Wednesday, July 25, 2012
A great big dump truck!
And it backs up and rolls over me again and again and again. I am totally squashed in the bottom of a deep pit.
Part of me is screaming not to type this blog for several reasons. 1. I don't usually reach out for help/support when I am this far sunk. I hide. I hide from the "real" people in my day to day life. I can even hide from my online friends by not being online too much or being too honest when I am. Usually at this point I am dropping out of teams and challenges. 2. I don't want anyone to roll their eyes and think "Her status has been whiney for a while. Why can't she just get it together?" and 3. I'm not really wanting to hear the usual "You can do it" pep talks.

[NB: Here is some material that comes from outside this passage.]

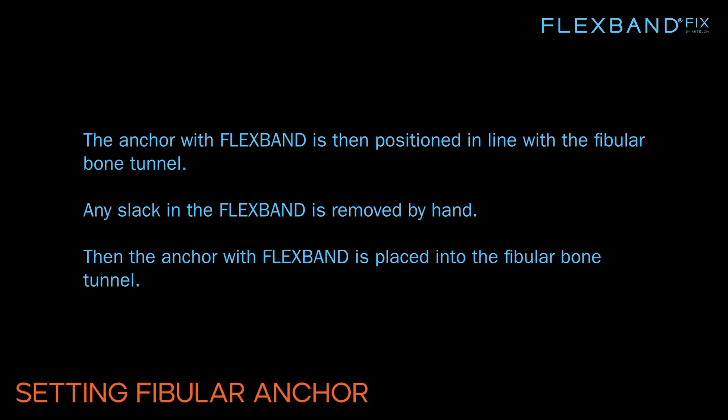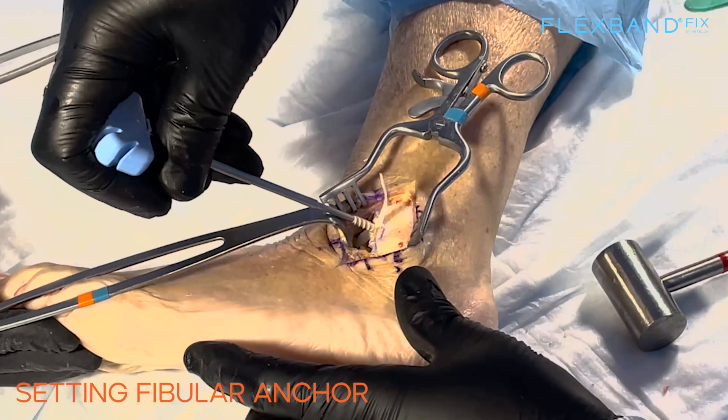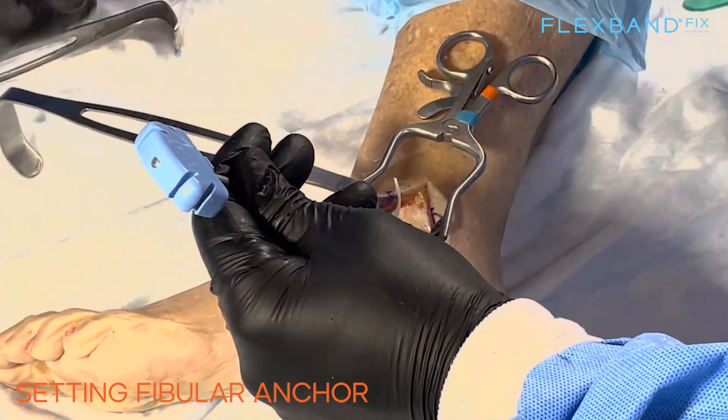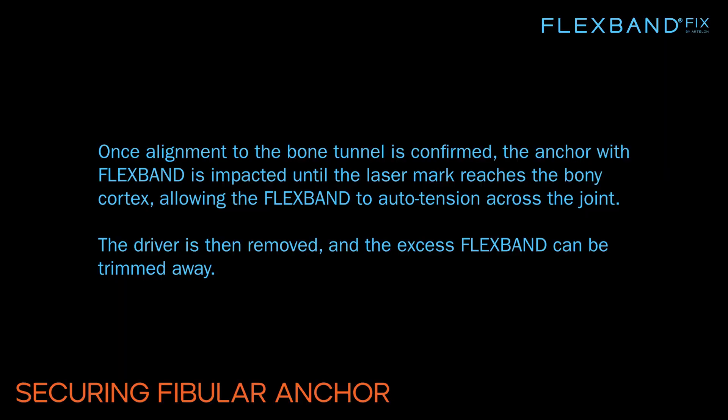The anchor with FlexBand is positioned in line with the fibular bone tunnel. Any slack in the FlexBand is removed by hand, then the anchor is placed into the fibular bone tunnel. Once alignment is confirmed, the anchor is impacted until the laser mark reaches the bony cortex, allowing the FlexBand to auto-tension across the joint. The driver is then removed and the excess FlexBand is trimmed away.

I think I mainly need to write this blog to just unload some things and usually through my rambling I figure out some lessons to learn. I've been hiding for a few days now. I sign on just long enough to get my sign in points. But that is it. I haven't been checking in with teams because I'm ashamed to admit I have failed big time this past week. All those catch phrases that people have on their pages about never quitting and if you are tired of ....stop quitting. Well I am tired of quitting. But I am also tired of not making any progress either. The devil has told me for a long time that I'll never get below 200 because my body has been above it for decades and I am beginning to believe him. I'm tired of being able to stick with it for such a short time, make a little progress, stumble and roll like a snowball. I am tired of feeling like a failure.
I thought I would go back to my last blog and get some encouragement. I know at that time I was feeling much more positive than I am now. As I reread it I didn't even recognize that voice. It didn't sound anything like the way I am feeling now. I haven't exercised in a week. I've eaten like the old Leisa use to eat regularly. I'm wallowing in my pit. I've beyond overwhelmed with all the things in my life that I need to be taking care of. I won't list them all, but it is a lengthy list and I don't seem to be accomplishing anything on it. And time is running out on my summer quickly. I wanted to accomplish so much more this summer. I wanted friends to be able to see a difference in me when I go back to school.
Ok...well the rambling isn't helping tonight.
If you have read this far, I'm sorry for wasting your time. I'm sorry for not being the ray of sunshine and encouragement that I like to be in my friends' lives. I need help. I need prayers.